Yine aynı ayete göre, saldırısından vazgeçen ve tevbe edenlere karşı herhangi bir savaş durumu söz konusu olmamaktadır. Onlar özgür bırakılmaktadırlar.

Söz konusu ayetten hemen sonraki ayete baktığımızda ise Kuran'ın gerçek sevgi ve koruyuculuk ruhunu anlatan önemli bir açıklama ile karşılaşırız. İşte bu ayet, İslam karşıtlarının bu konuda Müslümanlara yönelik tüm iddialarını ortadan kaldıran bir ayettir. Ayet şöyledir:

Eğer müşriklerden biri, senden 'eman isterse', ona eman ver; öyle ki Allah'ın sözünü dinlemiş olsun, sonra onu 'güvenlik içinde olacağı yere ulaştır.' Bu, onların elbette bilmeyen bir topluluk olmaları nedeniyledir. (Tevbe Suresi, 6)

Bu ayet ile Müslümanlara, kendilerine sığınmış olan ve kendilerinden yardım isteyen bir müşrike “kendi canlarını tehlikeye atarak” yardım etmeleri öğütlenmektedir. Öyle ki ayete göre söz konusu Müslüman, müşrikleri koruyabilmek için KENDİSİNİ SİPER ETMEKTEDİR. Bir başka deyişle bir Müslüman, Allah'ı inkar eden bir kişinin canını koruyabilmek için kendi canını riske atarak, onu güvenlik içinde olacağı yere ulaştırmakla yükümlüdür.

Bu, Kuran'ın hükmüdür.
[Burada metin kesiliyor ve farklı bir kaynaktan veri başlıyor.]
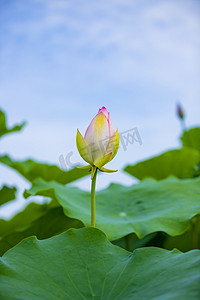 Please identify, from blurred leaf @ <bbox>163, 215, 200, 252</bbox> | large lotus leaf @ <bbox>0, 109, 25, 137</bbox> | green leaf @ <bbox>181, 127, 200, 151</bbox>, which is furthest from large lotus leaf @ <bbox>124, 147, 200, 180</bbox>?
large lotus leaf @ <bbox>0, 109, 25, 137</bbox>

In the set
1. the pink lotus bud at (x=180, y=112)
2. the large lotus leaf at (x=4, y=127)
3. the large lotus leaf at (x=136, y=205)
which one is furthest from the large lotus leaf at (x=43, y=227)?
the pink lotus bud at (x=180, y=112)

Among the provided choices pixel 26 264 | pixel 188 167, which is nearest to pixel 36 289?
pixel 26 264

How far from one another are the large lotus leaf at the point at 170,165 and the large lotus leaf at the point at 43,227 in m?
0.68

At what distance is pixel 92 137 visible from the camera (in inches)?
28.3

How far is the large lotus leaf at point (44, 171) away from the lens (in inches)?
60.2

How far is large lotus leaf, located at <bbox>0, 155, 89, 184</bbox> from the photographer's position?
1529mm

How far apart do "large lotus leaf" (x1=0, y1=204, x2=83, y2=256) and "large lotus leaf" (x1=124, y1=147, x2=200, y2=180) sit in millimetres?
680

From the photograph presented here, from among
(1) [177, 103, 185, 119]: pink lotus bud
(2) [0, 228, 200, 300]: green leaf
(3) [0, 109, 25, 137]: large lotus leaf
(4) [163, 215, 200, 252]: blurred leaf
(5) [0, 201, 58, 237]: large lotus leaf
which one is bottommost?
(4) [163, 215, 200, 252]: blurred leaf

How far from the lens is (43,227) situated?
106 cm

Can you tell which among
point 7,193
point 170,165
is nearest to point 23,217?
point 7,193

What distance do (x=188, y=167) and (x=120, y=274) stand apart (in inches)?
49.0

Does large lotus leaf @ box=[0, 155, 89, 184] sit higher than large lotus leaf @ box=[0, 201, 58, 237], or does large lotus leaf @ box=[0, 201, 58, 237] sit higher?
large lotus leaf @ box=[0, 155, 89, 184]

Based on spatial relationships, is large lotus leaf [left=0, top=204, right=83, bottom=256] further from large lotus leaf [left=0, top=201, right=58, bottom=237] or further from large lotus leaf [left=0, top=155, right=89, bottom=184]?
large lotus leaf [left=0, top=155, right=89, bottom=184]

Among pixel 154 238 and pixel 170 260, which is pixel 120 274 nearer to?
pixel 170 260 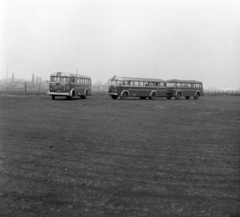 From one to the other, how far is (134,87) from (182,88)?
7.98 metres

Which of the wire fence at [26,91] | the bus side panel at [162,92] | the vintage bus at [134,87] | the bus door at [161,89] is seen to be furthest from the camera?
the wire fence at [26,91]

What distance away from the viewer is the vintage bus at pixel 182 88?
3203cm

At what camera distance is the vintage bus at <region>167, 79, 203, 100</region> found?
105ft

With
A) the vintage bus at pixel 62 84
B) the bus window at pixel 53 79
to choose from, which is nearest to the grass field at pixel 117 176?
the vintage bus at pixel 62 84

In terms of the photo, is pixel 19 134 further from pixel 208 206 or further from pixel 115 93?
pixel 115 93

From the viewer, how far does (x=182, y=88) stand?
108ft

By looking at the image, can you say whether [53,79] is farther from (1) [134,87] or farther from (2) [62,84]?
(1) [134,87]

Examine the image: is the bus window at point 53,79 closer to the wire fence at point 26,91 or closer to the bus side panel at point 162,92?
the bus side panel at point 162,92

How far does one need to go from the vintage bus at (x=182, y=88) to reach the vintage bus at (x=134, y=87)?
167 centimetres

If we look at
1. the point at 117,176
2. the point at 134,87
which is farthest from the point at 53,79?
the point at 117,176

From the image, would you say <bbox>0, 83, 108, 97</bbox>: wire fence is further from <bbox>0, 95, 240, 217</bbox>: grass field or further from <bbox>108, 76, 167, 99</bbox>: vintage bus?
<bbox>0, 95, 240, 217</bbox>: grass field

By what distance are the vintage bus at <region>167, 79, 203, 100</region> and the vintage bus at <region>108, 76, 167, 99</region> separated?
167cm

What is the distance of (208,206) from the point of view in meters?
2.79

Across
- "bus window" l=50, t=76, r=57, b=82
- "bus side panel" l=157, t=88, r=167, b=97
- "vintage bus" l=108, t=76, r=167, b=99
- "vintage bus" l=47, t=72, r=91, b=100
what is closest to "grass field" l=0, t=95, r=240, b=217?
"vintage bus" l=47, t=72, r=91, b=100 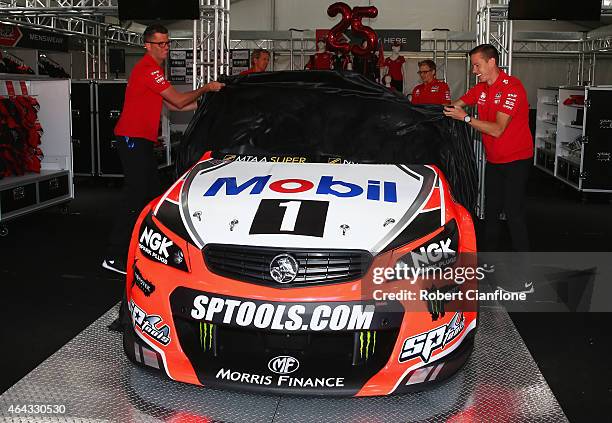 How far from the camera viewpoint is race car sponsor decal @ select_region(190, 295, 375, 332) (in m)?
2.66

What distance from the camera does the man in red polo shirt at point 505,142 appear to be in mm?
4816

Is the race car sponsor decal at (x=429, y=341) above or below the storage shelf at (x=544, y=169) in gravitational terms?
above

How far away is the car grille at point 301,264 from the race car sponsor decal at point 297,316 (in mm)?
102

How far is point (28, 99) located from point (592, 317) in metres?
6.00

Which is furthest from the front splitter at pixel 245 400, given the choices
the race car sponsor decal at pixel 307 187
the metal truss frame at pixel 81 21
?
the metal truss frame at pixel 81 21

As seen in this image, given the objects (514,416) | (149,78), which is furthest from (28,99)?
(514,416)

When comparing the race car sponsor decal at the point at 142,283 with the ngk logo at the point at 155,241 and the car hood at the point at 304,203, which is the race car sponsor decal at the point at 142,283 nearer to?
the ngk logo at the point at 155,241

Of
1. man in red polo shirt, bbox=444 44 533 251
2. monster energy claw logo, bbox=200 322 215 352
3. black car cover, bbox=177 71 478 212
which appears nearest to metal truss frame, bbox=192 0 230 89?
man in red polo shirt, bbox=444 44 533 251

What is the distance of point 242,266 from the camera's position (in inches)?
110

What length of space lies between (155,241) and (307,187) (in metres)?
0.71

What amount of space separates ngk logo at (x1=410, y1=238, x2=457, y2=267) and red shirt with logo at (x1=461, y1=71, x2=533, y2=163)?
2132mm

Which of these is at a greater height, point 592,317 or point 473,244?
point 473,244

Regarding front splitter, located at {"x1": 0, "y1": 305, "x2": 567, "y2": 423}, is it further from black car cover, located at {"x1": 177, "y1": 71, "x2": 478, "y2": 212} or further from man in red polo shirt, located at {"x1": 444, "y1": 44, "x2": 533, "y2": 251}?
man in red polo shirt, located at {"x1": 444, "y1": 44, "x2": 533, "y2": 251}

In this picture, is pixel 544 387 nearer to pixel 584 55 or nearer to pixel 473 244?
pixel 473 244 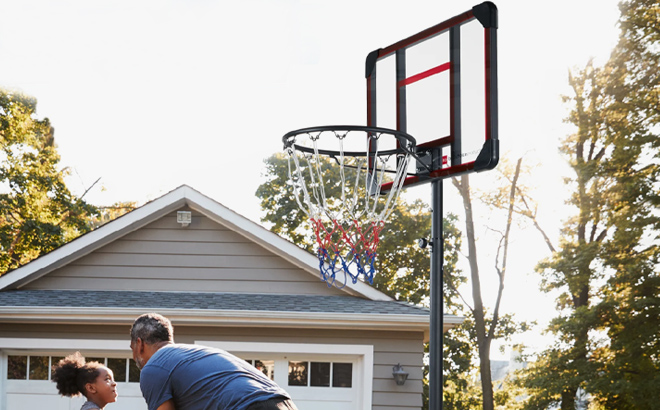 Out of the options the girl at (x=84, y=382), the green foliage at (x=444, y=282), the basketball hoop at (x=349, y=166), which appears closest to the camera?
the girl at (x=84, y=382)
Kuran'ın hükmüne göre bir insan Allah'a inanmıyor diye “öldürülmemekte”, tam tersine Müslümanların canı pahasına korunmaktadır. Dolayısıyla savaş gerekçesi, karşı tarafın Allah'a inanıp inanmamasıyla veya başka dinden olup olmamasıyla ilgili değildir. Savaşın gerekçesi, karşı tarafın saldırı ve işkencede bulunması, cana kastetmesidir.

Ayetin işaret ettiği başka bir gerçek ise, saldırıda bulunmadıkları, azgınlık ve taşkınlık yapmadıkları sürece; din, dil, millet, inanç ayrımı yapılmaksızın tüm insanların Müslümanlar tarafından korumaya alınmaları gerektiğidir. Bir Müslüman, Müslümanı koruduğu gibi, Kitap Ehli'ni de, hatta ateisti, komünisti de korumakla yükümlüdür. Bu, Müslüman olmanın gereğidir. Bu, Kuran'daki Müslüman tarifidir. Bir insan “Müslümanım” diyorsa, koruyucu olmak zorundadır.